Early results from chikungunya vaccine trial called promising
An Austrian pharmaceutical company today reported promising findings from a phase 1 study of its candidate chikungunya vaccine. The vaccine, which uses a standard measles vaccine vector, induced a significant neutralizing immune response and appeared to be safe, according to a press release from the Vienna-based company, Themis Bioscience.
The results are based on a study of 42 people that was conducted at Vienna General Hospital. Themis said the vaccine prompted the required immune response, even at the lowest dose, and that increasing dosages led to even stronger immune responses.
Currently, there are no vaccines to protect against chikungunya illness, a mosquito-borne disease that has been triggering outbreaks for the first time in Caribbean nations and territories.
Jun 12 Themis Bioscience press release
In other developments, the US Virgin Islands yesterday reported its first locally acquired chikungunya case and North Carolina reported its first imported infection, according to media reports.
Public health officials in the US Virgin Islands have confirmed the first locally transmitted case but did not detail any information about the patient, the Associated Press (AP) reported yesterday.

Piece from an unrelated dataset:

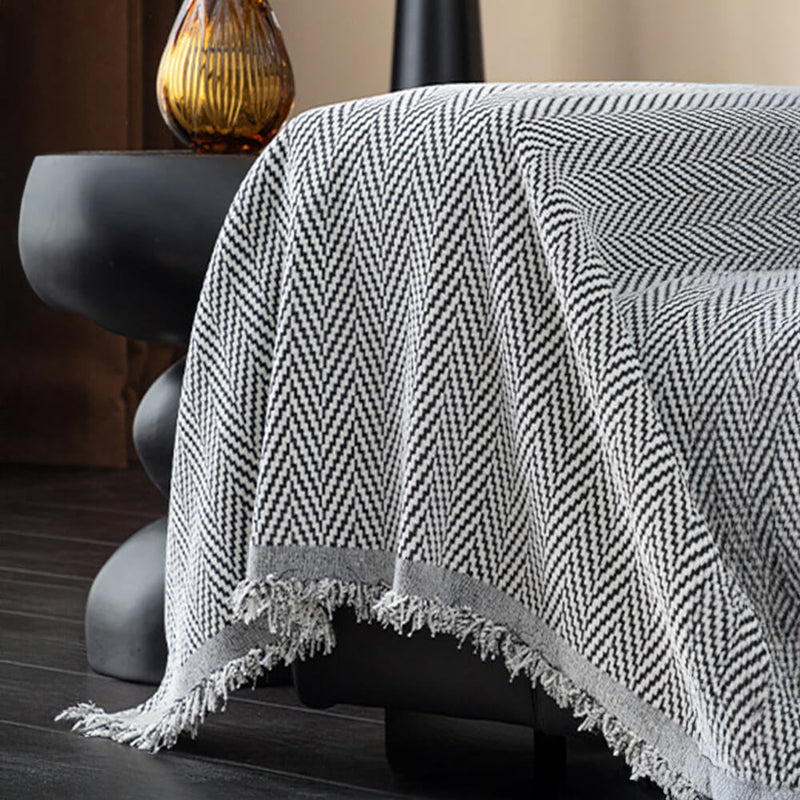 Premium Herringbone Chenille Fringe Full Coverage Couch Cover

Earlier this month the territory reported its first imported case, a traveler who returned to St Thomas after a Caribbean cruise.

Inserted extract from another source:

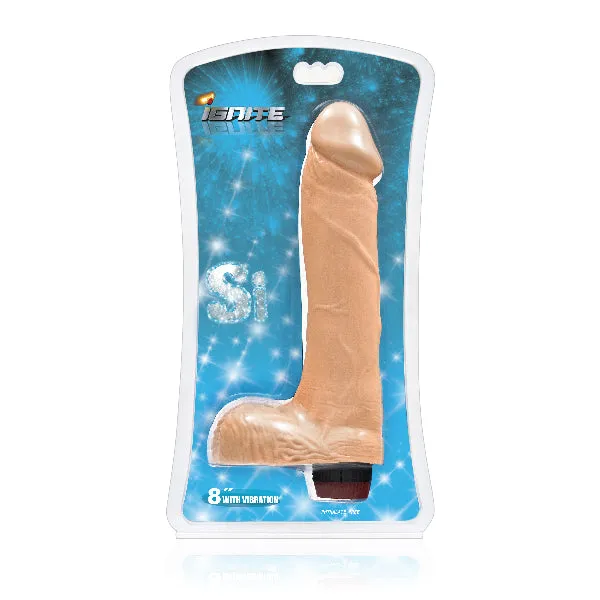 Dildos Si Novelties Cock w Balls w Vibration 8in Vanilla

Elsewhere, the North Carolina Department of Health and Humans Services said today that the first imported case has been detected in the state, in a resident who had recently traveled to the Caribbean, according to report today from the AP.
An increasing number of US states have reported imported chikungunya cases, with many of them in Florida. The US Centers for Disease Control and Prevention (CDC) has warned that more cases are likely to be reported in the wake of the Caribbean outbreak. The nation's number of imported cases so far this year appears to have passed the average number of cases reported in a typical year, which is about 27.
Jun 11 AP story
Jun 4 US Virgin Islands health department press release
Jun 12 AP story
Encouraging results for another prion blood assay
French researchers today described a test that can detect prions in humans infected with variant Creutzfeldt-Jakob disease (vCJD) and in animals that are in the early asymptomatic phase of the disease. The team reports its findings in PLoS Pathogens.
They developed their assay after optimizing a method that mimics the method that misfolded toxic prions use to propagate.
In exposed sheep and macaques, the test accurately identified the infections and detected vCJD prions in infected macaques shortly after initial infection. In blinded testing of the blood of four infected humans and 141 noninfected controls, the assay identified vCJD in three of the four infected patients and had no false-positives in the controls.
The team said the findings show progress toward a vCJD blood test that might someday be used to identify infected asymptomatic people or for screening donated blood.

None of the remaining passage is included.